Look for a much better maintained Super 7.
If something looks rotten and handled without any trace of sympathy,and both Myfords do,it is very likely to be rotten inside.
How can someone treat a good lathe in such a bad manner? 
Ralph
Btw.Forget the chinese lathe.It´s not bad,but the Super 7 is a legend


----------



## Debian (Sep 14, 2009)

Paolo, having seen in your posts Your great attitude to this hobby... I would recommend an Italian "Ceriani" or a German "Wabeco" for you!!! (If You can't find the jewel "Myford" with a better look, of course).
For sure they cost much more than the Optimum, and I know You have the BF-20 mill, but somewhere I read that the quality of Optimum lathes is not comparable to their mills.
Ciao!


----------



## Paolo (Sep 14, 2009)

Hi Xlmyford and Debian
..thank for supporting me...in that difficult chois...It's so strange for me hear that the quality of Optimum lathes is not comparable to their mills. I'm really satisfied by my BF 20...!! Unfortunatelly in Italy the Myford in good condition is a dream...The rusted one comes from an school dismaltling...the second one comes as buyback from a little industry. 
Wabeco....Ceriani really interesting suggestion...


----------



## Richard1 (Sep 14, 2009)

Depending on the price and what is wrong with the second one I would at least consider it. It is on an original Myford stand and only appears to be dirty with paint knocked off rather than any serious mechanical damage.

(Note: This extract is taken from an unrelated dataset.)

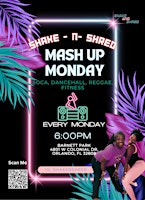 Imagen principal de MashUp Monday : Soca Dance Fitness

It has apparently had a hard life and would need checking carefully to see how worn it is but there is nothing obviously missing. Where is it? Make sure it has all the change gears, should being in Italy have the metric conversion gears as well. If they are missing it will add quite a bit to the cost.

Richard.


----------



## Paolo (Sep 14, 2009)

Hi Richard
I'm on the same Idea The seller is going to do a deep check over It, I'm so far from his shop, and He will be more precise about condition and price. It seams haven't any change gear but one had been found via eBay at about 150£...Crossing the finghers!!! :-\ :-\ :-\
Best regards
Paolo


----------



## Xlmyford (Sep 15, 2009)

Hallo Paolo.
Changewheels from british suppliers seem to be good value
Within the EU,there will be no custom fees or tax to pay.
*RDG*
You have to scroll down that page.
Regards,Ralph


----------



## NickG (Sep 15, 2009)

I would tend to agree, I was about to buy a chinese lathe but had a change of heart near the end and bought a harrison. It was probably one of my better decisions, it's a big machine, but if you have the space it's worth it for all the features it has. 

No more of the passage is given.